> Your goal
From the entries below, output the line with "Velocity Hearts Black" and each following line up to and including the line with "IsabellaAnngel online show from 03.26.26", exactly as written.

Saved data entries:
*****

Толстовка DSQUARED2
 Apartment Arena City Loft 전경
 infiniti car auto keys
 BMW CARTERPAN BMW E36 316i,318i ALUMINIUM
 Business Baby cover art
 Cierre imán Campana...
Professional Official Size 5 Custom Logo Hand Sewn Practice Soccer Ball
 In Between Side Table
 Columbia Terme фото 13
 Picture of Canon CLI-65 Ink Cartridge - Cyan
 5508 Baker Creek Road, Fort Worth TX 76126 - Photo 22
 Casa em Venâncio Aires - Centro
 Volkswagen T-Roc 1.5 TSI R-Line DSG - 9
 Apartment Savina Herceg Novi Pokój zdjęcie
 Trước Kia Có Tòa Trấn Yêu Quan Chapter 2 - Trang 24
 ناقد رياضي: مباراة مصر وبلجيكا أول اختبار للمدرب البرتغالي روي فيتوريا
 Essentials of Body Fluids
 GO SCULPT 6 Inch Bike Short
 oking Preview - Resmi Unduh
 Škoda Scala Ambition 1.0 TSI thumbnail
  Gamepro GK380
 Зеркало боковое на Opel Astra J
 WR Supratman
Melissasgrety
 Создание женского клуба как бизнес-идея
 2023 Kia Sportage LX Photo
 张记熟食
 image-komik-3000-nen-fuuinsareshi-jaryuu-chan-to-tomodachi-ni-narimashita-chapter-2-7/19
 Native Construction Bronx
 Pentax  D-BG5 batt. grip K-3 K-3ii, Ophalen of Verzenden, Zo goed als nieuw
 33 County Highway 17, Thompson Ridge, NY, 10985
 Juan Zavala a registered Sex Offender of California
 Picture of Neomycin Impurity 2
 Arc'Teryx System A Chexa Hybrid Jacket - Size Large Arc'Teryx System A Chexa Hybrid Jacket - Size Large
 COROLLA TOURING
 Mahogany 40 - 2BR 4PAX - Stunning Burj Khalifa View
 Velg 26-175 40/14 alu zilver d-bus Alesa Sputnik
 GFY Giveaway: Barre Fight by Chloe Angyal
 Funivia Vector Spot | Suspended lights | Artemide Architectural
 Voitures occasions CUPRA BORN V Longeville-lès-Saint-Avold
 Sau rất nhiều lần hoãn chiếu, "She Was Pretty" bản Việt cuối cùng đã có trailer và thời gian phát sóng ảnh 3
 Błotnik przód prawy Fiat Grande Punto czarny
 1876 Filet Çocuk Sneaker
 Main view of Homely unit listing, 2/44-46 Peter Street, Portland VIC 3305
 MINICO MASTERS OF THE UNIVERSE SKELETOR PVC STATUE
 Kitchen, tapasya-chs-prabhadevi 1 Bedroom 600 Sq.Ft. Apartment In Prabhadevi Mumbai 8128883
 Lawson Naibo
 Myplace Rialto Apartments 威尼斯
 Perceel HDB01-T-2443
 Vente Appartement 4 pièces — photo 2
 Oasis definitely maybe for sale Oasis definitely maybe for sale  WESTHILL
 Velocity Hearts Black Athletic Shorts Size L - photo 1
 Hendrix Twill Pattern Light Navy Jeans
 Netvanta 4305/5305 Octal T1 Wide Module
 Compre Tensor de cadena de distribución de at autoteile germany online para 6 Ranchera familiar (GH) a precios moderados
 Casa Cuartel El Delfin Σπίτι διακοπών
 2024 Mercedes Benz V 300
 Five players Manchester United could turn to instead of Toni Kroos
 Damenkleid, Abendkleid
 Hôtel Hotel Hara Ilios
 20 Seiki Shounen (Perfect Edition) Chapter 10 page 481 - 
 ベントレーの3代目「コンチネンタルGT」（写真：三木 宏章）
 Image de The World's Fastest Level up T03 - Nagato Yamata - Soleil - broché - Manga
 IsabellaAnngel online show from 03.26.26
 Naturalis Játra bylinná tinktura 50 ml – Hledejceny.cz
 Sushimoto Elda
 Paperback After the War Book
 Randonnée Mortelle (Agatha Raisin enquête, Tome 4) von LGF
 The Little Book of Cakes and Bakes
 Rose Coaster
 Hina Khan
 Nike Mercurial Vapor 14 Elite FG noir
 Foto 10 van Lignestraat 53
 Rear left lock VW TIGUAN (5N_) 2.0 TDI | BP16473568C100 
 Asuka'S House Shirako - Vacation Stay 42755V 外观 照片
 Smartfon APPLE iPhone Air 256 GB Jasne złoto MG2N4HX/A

*****

> Output of the exercise
 Velocity Hearts Black Athletic Shorts Size L - photo 1
 Hendrix Twill Pattern Light Navy Jeans
 Netvanta 4305/5305 Octal T1 Wide Module
 Compre Tensor de cadena de distribución de at autoteile germany online para 6 Ranchera familiar (GH) a precios moderados
 Casa Cuartel El Delfin Σπίτι διακοπών
 2024 Mercedes Benz V 300
 Five players Manchester United could turn to instead of Toni Kroos
 Damenkleid, Abendkleid
 Hôtel Hotel Hara Ilios
 20 Seiki Shounen (Perfect Edition) Chapter 10 page 481 - 
 ベントレーの3代目「コンチネンタルGT」（写真：三木 宏章）
 Image de The World's Fastest Level up T03 - Nagato Yamata - Soleil - broché - Manga
 IsabellaAnngel online show from 03.26.26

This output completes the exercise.